Um psicanalista que não via há quatro anos mandou-me uma mensagem. Eu não sabia o termo, e ele está lá, é a transferência intergeracional do trauma. É uma coisa que aprendi ao ser pai, e ainda bem que eu fui pai tardio, ser pai aos 45 anos tem a vantagem que tu começas a perceber algumas coisas. Eu acho que a gente só vai começar a perceber coisas a partir de 50. Percebi bem aquilo que eu chamo o caroço que cada ser humano trás, dentro dele, que é imutável em princípio durante a vida inteira. E a maneira como a vida, as pessoas, as circunstâncias, a história, o tempo, vai conflituando com isso.
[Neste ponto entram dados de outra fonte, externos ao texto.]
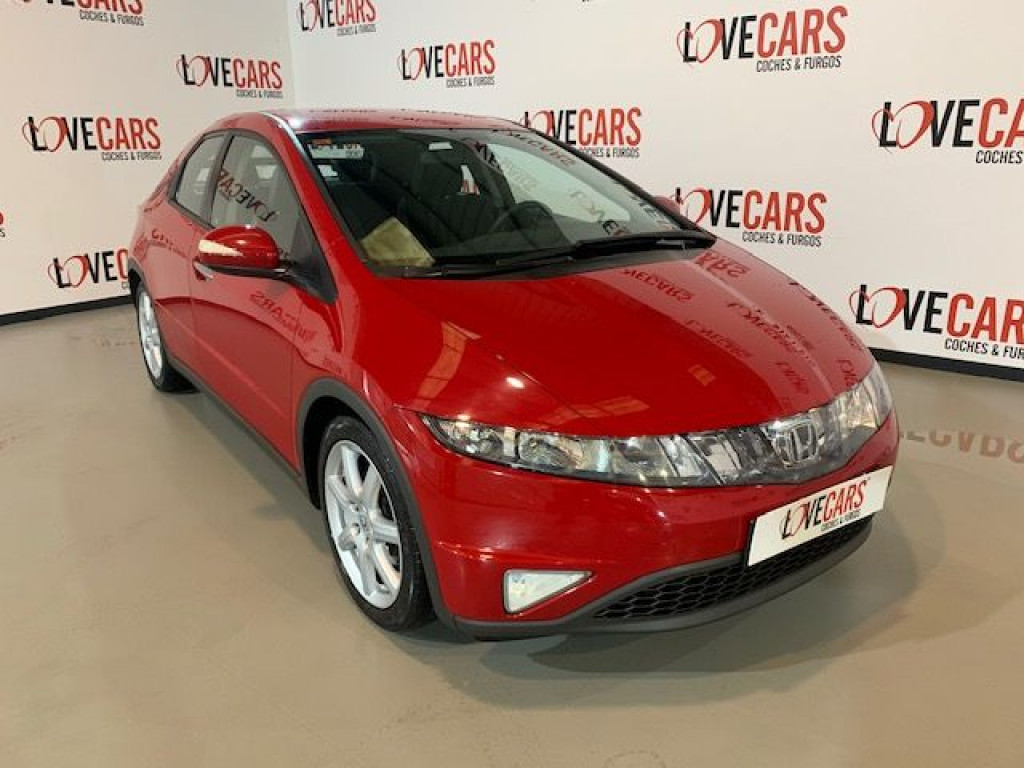 HONDA CIVIC 1.8 VTEC LUXURY de segunda mano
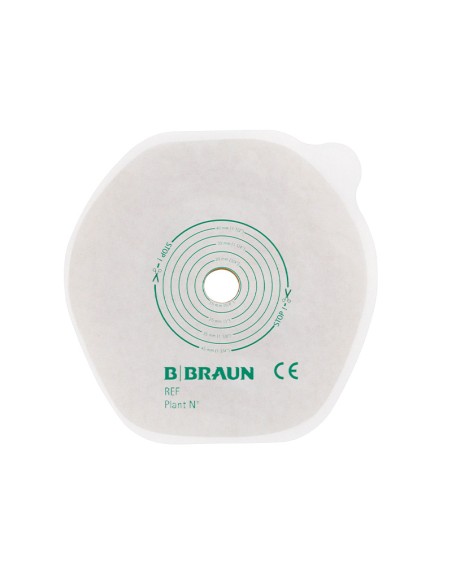 PROXIMA2 BASE PLATE 50 mm / 15 mm - 50 mm. Caja x 10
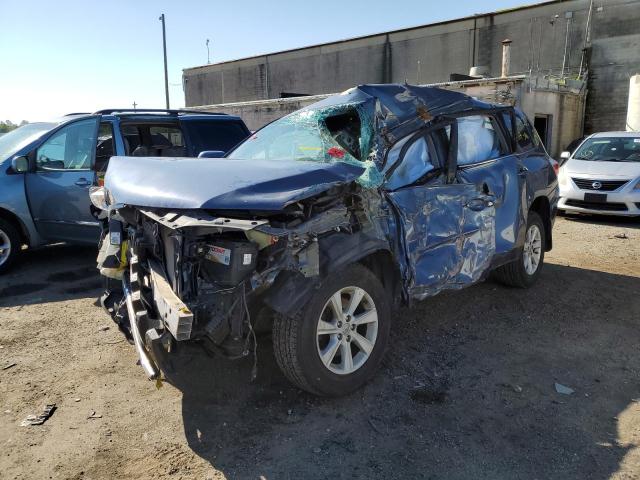Photo 2 from auction – 2013 TOYOTA HIGHLANDER with VIN 5TDBK3EH8DS225711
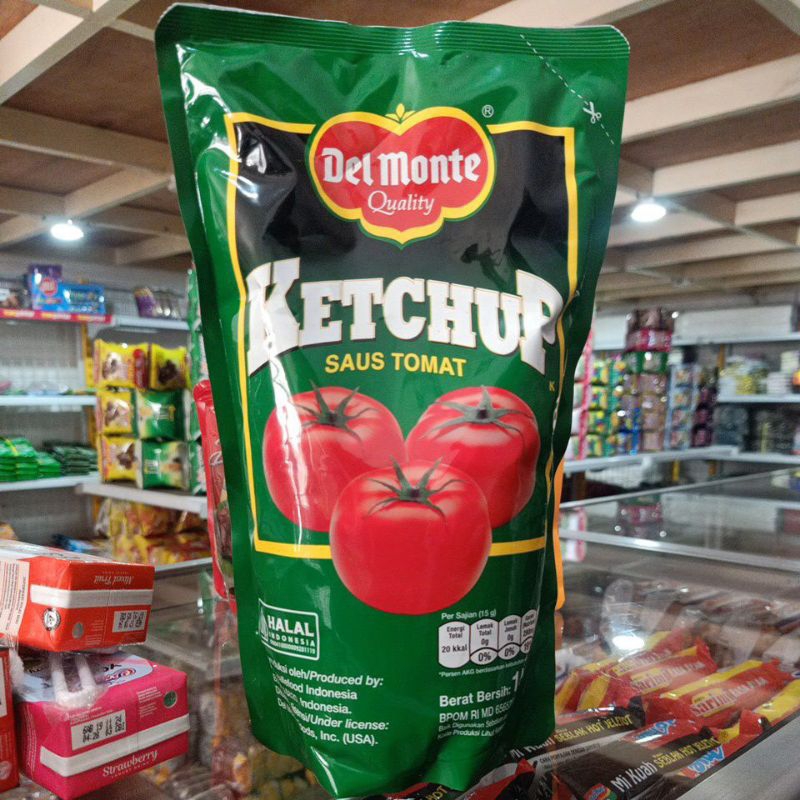 

delmonte saus tomat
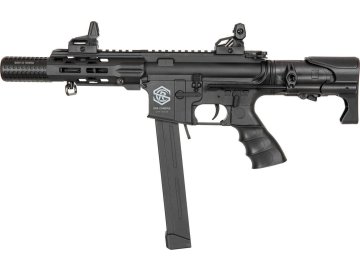 SRC Airsoftová zbraň SR4 FALCON-ZS - černá, ABS, MosFet, SRC 01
O filme também é uma declaração de amor à música. Qual a importância da música na sua vida?
A música foi sempre uma coisa que me interessou. Eu acho que o meu amor à música é um amor como cineasta. Eu sempre tive uma relação muito particular, às vezes um bocadinho fora da caixa, com a música dos meus filmes. Sempre que pude, tratei a música como uma personagem. Não está lá para fazer a cama, para servir de paraquedas, para criar climas. Está lá para ser uma personagem que participa ativamente das relações entre personagens. Tem a sua voz, tem a sua autonomia, tem a sua afirmação,
Na mesma semana, vê editar em DVD o “Cerromaior” e “O teu rosto será o útimo” chegar às salas. Está orgulhoso?
Foi uma semana muito de montanha-russa, do ponto de vista emocional. Vivo a 50 quilómetros de Lisboa, numa aldeia, numa rua sem saída, a minha casa é a última, só ouço passarinhos. Sou muito bicho-de-mato. Tenho de o assumir. E, de repente, a sala da Cinemateca, a apresentação do DVD na Cinemateca, aquela sala do São Jorge, foi emocionalmente muito perturbante e muito gratificante E também me permitiu ligar os dois filmes. Isso é uma coisa muito bonita.
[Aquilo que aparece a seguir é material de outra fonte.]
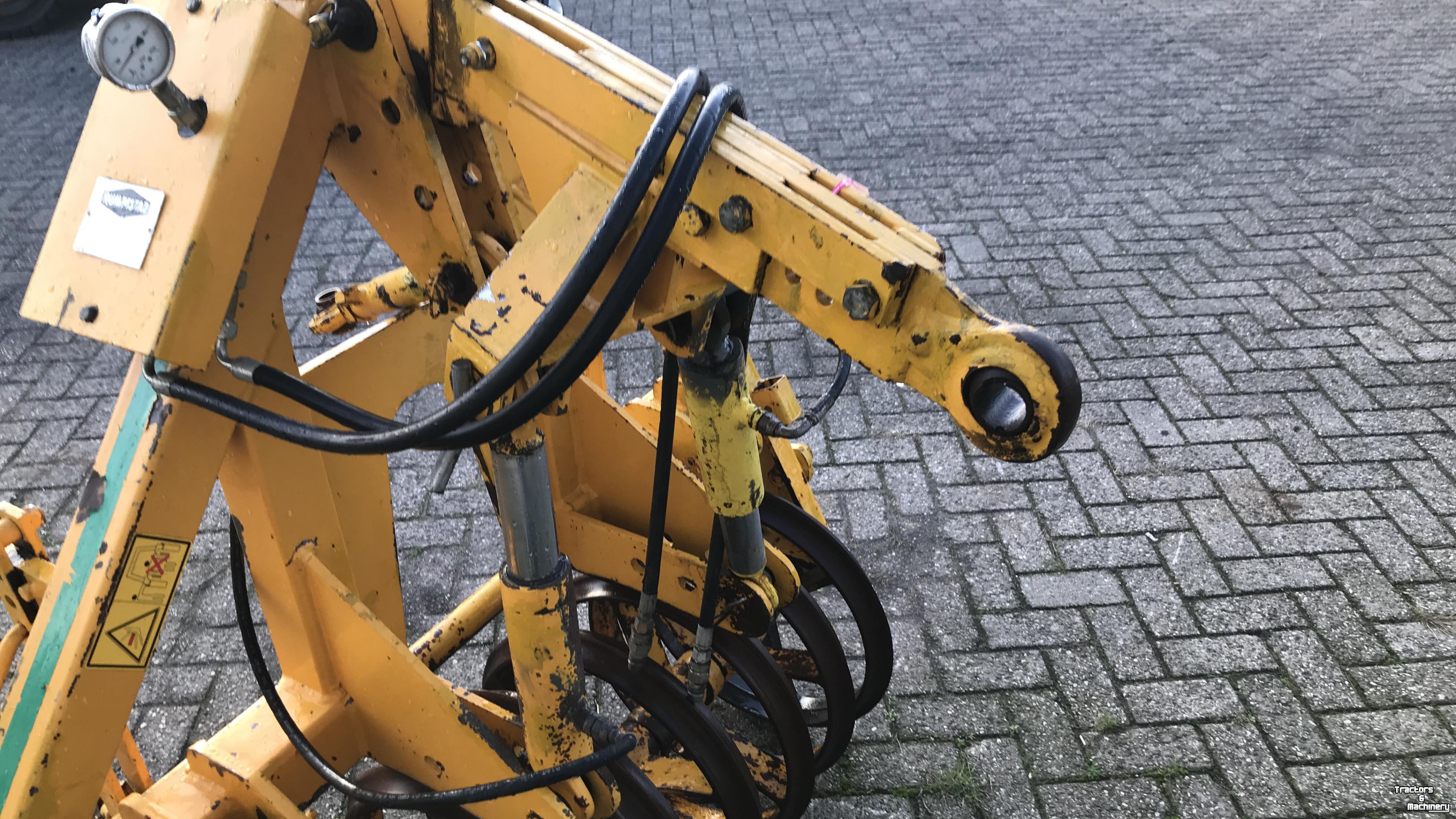 Rouleau compacteur latérale / avant Rumptstad frontpakker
Tem alguma memória especial das primeiras projeções do “Cerromaior”?
Tenho a memória de uma projeção num barracão imenso, numa seara. Teve de ser dividida em duas, porque as pessoas não cabiam todas. Foram para aí quatro mil pessoas numa tarde. Isso é uma coisa que não se esquece. Se não é só por isso que eu faço filmes, também é por isso que faço filmes. Não é o público. Não são sequer os espectadores e o número dos espectadores. Não tem nada a ver com isso. É a comunicação humana que se pode estabelecer, entre mim, através do filme, e os seres humanos concretos. São dez, são dez milhões, quantos mais melhor. Mas que a comunicação seja profunda, ativa, sensível.
Disse que precisava de "ir fazer outras coisas". Que outras coisas são essas?
Não se pode saber muito. Eu fui brincando ao longo da rodagem do filme com as pessoas que estavam perto de mim, dizendo que estava farto e que o melhor era mudar o título do filme de “O teu rosto será o útimo” para “Este filme será o útimo”. As pessoas riam, eu também ria, mas é uma piada com uma forte probabilidade de vir a acontecer. Tenho 76 anos, sinto-me muito bem, mas o cinema português mudou muito.
Mas não vai ser o último, seguramente…
Se vier a ser, não será por minha vontade. Mas também quero dizer, com total sinceridade, que se este filme for o último, eu até fico um bocadinho contente. Ficarei bem, não ficarei vencido nem derrotado nem frustrado. Reconheço que as coisas mudaram tanto nos últimos anos.
Mas já há algum projeto na calha em concreto?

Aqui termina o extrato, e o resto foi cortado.